Don't listen, but do watch this. My most admired opera film (I can't say it's my favourite because the subject matter is so harrowing that it does not bear frequent viewings).


----------



## sharik (Jan 23, 2013)

guythegreg said:


> it's never clear what Herman is up to. Did he start out in love with whatshername and then get drawn in by temptation? Was it ever an option for him to get together with her, or was he just using her? In the story, of course, he's just using her, but the opera doesn't make that clear


because it isn't supposed to be clear at all. Herman acts according to some devilish impulse or what we call, er, *destiny*... and let's not overlook the fact he is a *gambler*.

Tchaiky was also a Wagner-lite, that is 'all or nothing' kind of Tannhauser approach to things.



guythegreg said:


> Here's a guy with a fortune of his own who doesn't want to risk a penny but suddenly decides to threaten an old lady to get her to give him the secret to untold riches?
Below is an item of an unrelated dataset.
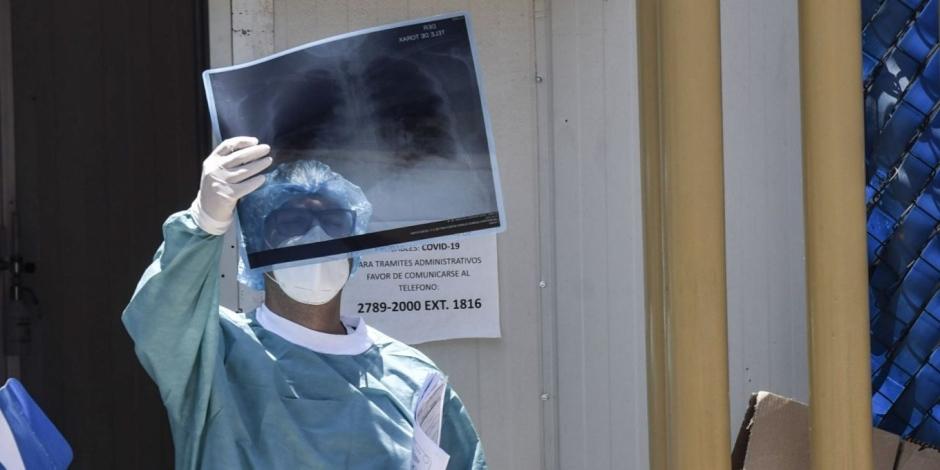 Rooms for Responders México ofrece habitaciones gratuitas a profesionales de la salud que luchan contra el COVID-19.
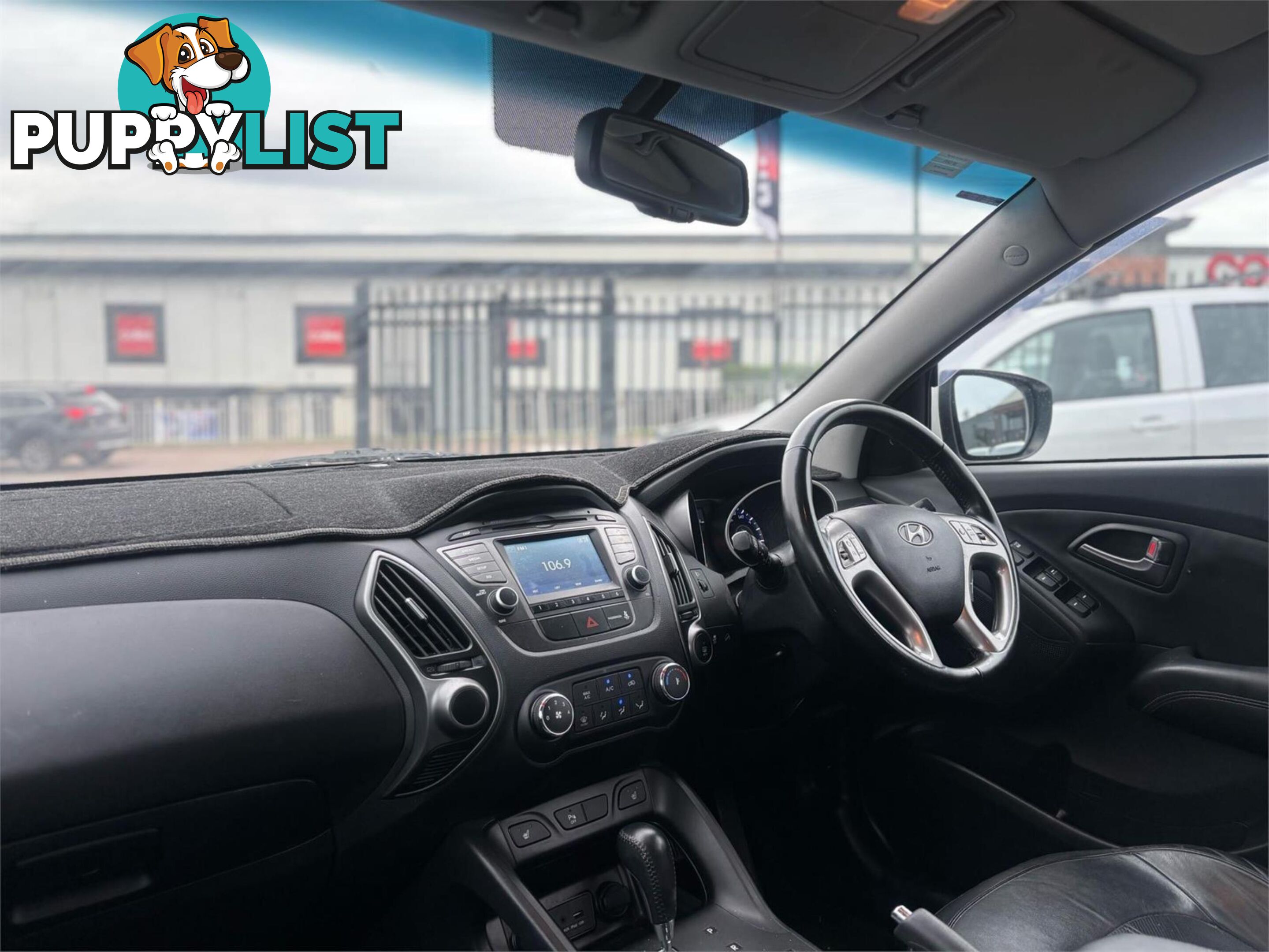 2014 HYUNDAI IX35 SE(FWD) LMSERIESII 4D WAGON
because he did not want to risk a part, he wanted to stake *all* for a sure win (don't forget he is a German by nationality).


----------



## sharik (Jan 23, 2013)

Cavaradossi said:


> Herman is not the most interesting character and kind of frustrating to watch. After Yeletsky's scene stealing aria


come on... you must have forgotten the final aria Herman sings _'what is our life? -a gamble!'_ and then _'what is the truth? -death alone!'_


----------



## deggial (Jan 20, 2013)

mamascarlatti said:


> Don't listen, but do watch this.


hehehe, I love this! Stage directors everywhere feel vindicated  I kid, I kid. It's amusing to see an opera recommended for visuals instead of music.


----------



## guythegreg (Jun 15, 2012)

mamascarlatti said:


> Ni wait, Hermann is poor, no fortune of his own, he's a bit of an outsider for this. And I think at first he is genuinely in love with Lisa... but the gambling addiction starts growing on him and when he hears the story of the three cards he loses the plot completely and his love for Lisa is overcome by his obsessive desire to get the winning combination out the old countess.
> 
> It's a very modern story - problem gambling destroys relationships... with a supernatural twist.


Well, in the OPERA he's poor - in the story he has a fortune of his own, which for prudence' sake he doesn't want to touch, not even the income on it.


----------



## guythegreg (Jun 15, 2012)

> ... and let's not overlook the fact he is a gambler.


He actually is not a gambler. In Yeletsky's opening scene he makes it clear that although Herman WATCHES the gambling, he doesn't take part. That part didn't change between the story and the opera. And I'm not sure what being German has to do with Herman's personality failures ... I think it works just as well- perhaps I should say just as badly- if he's Russian, honestly. Or American, for that matter.


----------



## sharik (Jan 23, 2013)

guythegreg said:


> He actually is not a gambler


he *is* a gambler alright, his not taking part only because unable to afford the lifestyle.



guythegreg said:


> I'm not sure what being German has to do with Herman's personality failures


read the literature. Russian Germans were somewhat despised by ethnic Russians for being stingy and meticulous. Herman wasn't a spendthrift by upbringing, and the environment where everyone squanders money is of temptation for him.


----------



## mamascarlatti (Sep 23, 2009)

Yes he would gamble if he were able to pay his gambling debts (you could owe money to your tailor and butcher but not to your "equals".)


----------



## mamascarlatti (Sep 23, 2009)

deggial said:


> hehehe, I love this! Stage directors everywhere feel vindicated  I kid, I kid. It's amusing to see an opera recommended for visuals instead of music.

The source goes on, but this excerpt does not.